Autonomous weapons are described in the letter as those that “select and engage targets without human intervention”. There exists today, however, a weapon which does exactly that, and is deployed in about 70 different countries around the world. Landmines, once placed in the ground, effectively engage targets without human intervention, silently waiting for friend or foe to enter their blast range, killing and maiming indiscriminately.

Of course, landmines are not the type of ‘smart’ weaponry that Musk and Hawking are warning about. But if a landmine actually could ‘think’, and distinguish between a soldier and a child, it would be a far less terrifying and brutal weapon. It is the very randomness with which the landmine inflicts its damage that makes it such a blight worldwide, often on populations threatened by poverty, where the land is relied upon for subsistence.

Anti-personnel mines
Anti-personnel mines

It’s estimated that there are 110 million landmines buried across the world, the vast majority a deadly legacy from wars long past. The actual number, frightening as it may be, is perhaps less important than the impact that landmines have on communities. It takes only a handful of mines - or even the suspicion of their presence – to discourage the use of land.

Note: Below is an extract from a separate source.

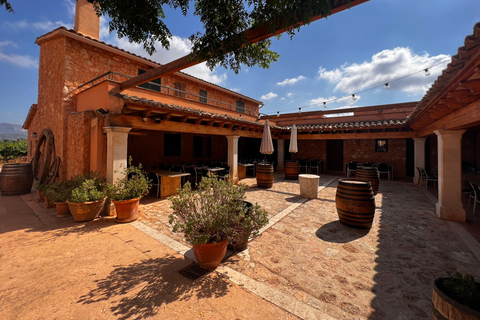 اكتشف كنوز نبيذ مايوركا في أحد أفضل مصانع النبيذمايوركا: اكتشف كنوز النبيذ المحلي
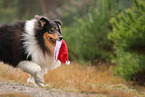 tricolored Collie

This week saw Kurdish fighters claim that ISIS had planted “thousands” of landmines as they retreated from the northern Syrian city of Hasakah, rendering 15 villages around the city uninhabitable. “They plant large mines that are easily detonated so young boys are blown to pieces,” one commander told NBC News.  “We need help. We don’t have the technology or techniques to defuse them.”

This same problem is one that persists in current and former warzones across the globe. Sweeping for and clearing landmines is a tricky business - time-consuming, expensive and dangerous. An individual landmine can cost as little as £2 to make, but takes anywhere between £120 and £600 to find and clear. What’s more, today’s landmines are usually made of plastic, rendering traditional detection techniques useless.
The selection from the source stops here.